BOOK PRESENTATION - Rule of Law vs Majoritarian Democracy
hosted by Professor
Justin O. Frosini
Benedetta Barbisan
Co-editor - University of Macerata
Cesare Pinelli
Co-editor - Sapienza University of Rome
Susanna Mancini
Discussant - University of Bologna; SAIS Europe
Giorgio Repetto
Discussant - University of Perugia
What is more paradoxically democratic than a people exercising their vote against the harbingers of the rule of law and democracy? What happens when the will of the people and the rule of law are at odds? Some commentators note that the presence of illiberal political movements in the public arena of many Western countries demonstrates that their democracy is so inclusive and alive that it comprehends and countenances even undemocratic forces and political agendas. But what if, on the contrary, these were the signs of the deconsolidation of democracy instead of its good health? What if democratically elected regimes were to ignore constitutional principles representing the rule of law and the limits of their power?

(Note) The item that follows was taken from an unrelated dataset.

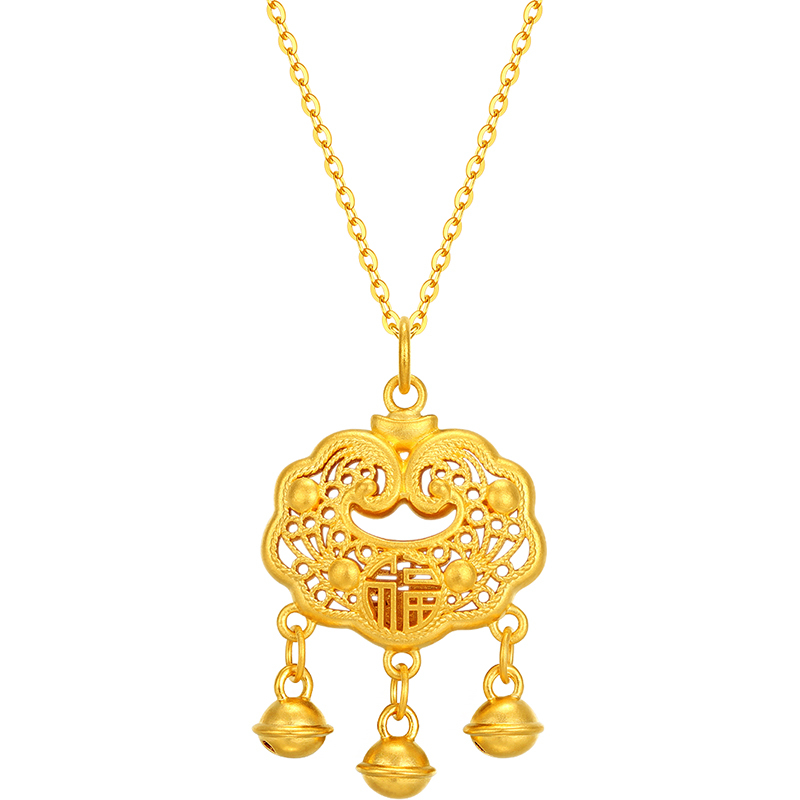 新金珠宝足金福字金锁挂坠3d硬金黄金锁吊坠192g克1042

With contributions from judges and scholars from different backgrounds and nationalities this book explores the framework in which this tension currently takes place in several Western countries by focusing on four key themes:
- The Rule of Law: presenting a historical and theoretical reconstruction of the evolution of the Rule of Law;
- The People: dealing with a set of problems around the notion of 'people' and the forces claiming to represent their voice;
- Democracy and its enemies: tackling a variety of phenomena impacting on the traditional democratic balance of powers and institutional order;
- Elected and Non-Elected: focusing on the juxtaposition between judges (and, more generally, non-representative bodies) and the people's representation.
BENEDETTA BARBISAN
Benedetta Barbisan is Associate Professor of Comparative Constitutional Law at the University of Macerata. Previously, she has held positions at Boston College Law School, Harvard Law School, Universidad de Oviedo, Yale Law School, King's College London, Queen's University Belfast, the Max Planck Institute for Comparative Public Law and International Law in Heidelberg. She currently is Visiting Professor of Law at Georgetown University Law Center in Washington D.C and professeur invité at the Université Catholique de Lille.
She has authored
Nascita di un mito (il Mulino, 2008),
Corte costituzionale e Corti europee. Fra diversità nazionali e visione comune (with Giuliano Amato, il Mulino, 2016) and
Patriottismo costituzionale. Il caso italiano in prospettiva comparata (ESI, 2022). With Giuliano Amato and Cesare Pinelli, she has edited the book
Rule of Law vs Majoritarian Democracy (Hart, 2021).
CESARE PINELLI
Cesare Pinelli is Full Professor of Constitutional Law and of Public Law at the University of Rome Sapienza, Director of the review
Diritto pubblico and Member of the "Commission for Democracy through Law" (Venice Commission) (2017- ). He is the author, inter alia, of the following writings: The populist challenge to constitutional democracies, in
European Constitutional Law Review, 2011; Financial Markets and Societal Constitutionalism, Cardiff, 30 June 2017, in
Journal of Law and Society, Vol 45 Issue S1, July 2018; The formation of a costitutional tradition in continental Europe since World War 2',
European Public Law, 22, n. 2, 2016; Respect for the Common Values to the Member States and Protection of the EU financial interests, Luiss, 26 May 2022, in Europeanrights.eu, 28.5.2022.
SUSANNA MANCINISusanna Mancini is Adjunct Professor of International Law, SAIS Europe, and Professor of Comparative Constitutional Law, University of Bologna. She is interested in the intersection of law and culture, and particularly in law and religion, gender and the law, reproductive rights, multiculturalism, the multilevel protection of fundamental rights, federalism and secession. She is a Vice-President of the Executive Committee of the International Association of Constitutional Law. Manchini was Senior Fellow at the Italian Academy of Advanced Studies in America at Columbia University (January-April 2018). Mancini has served as visiting professor at Columbia Law School (2020), Hebrew University (Jerusalem) (2018), Fordham School of Law (NYC) (2015), the University of Toulouse, the Central European University (recurrent since 2009), the Interdisciplinary Center (Israel) (2019); also a Floersheimer distinguished fellow and visiting professor at the Benjamin N. Cardozo Law School (2008-2016) and a Fernand Braudel Senior Fellow at the European University Institute (2009); an invited speaker at several universities including Yale, Oxford, Columbia, Toronto, Montreal, University College London, and Queen Mary University of London. She holds a PhD, European University Institute (1995) and a JD from the Bologna School of Law (1991).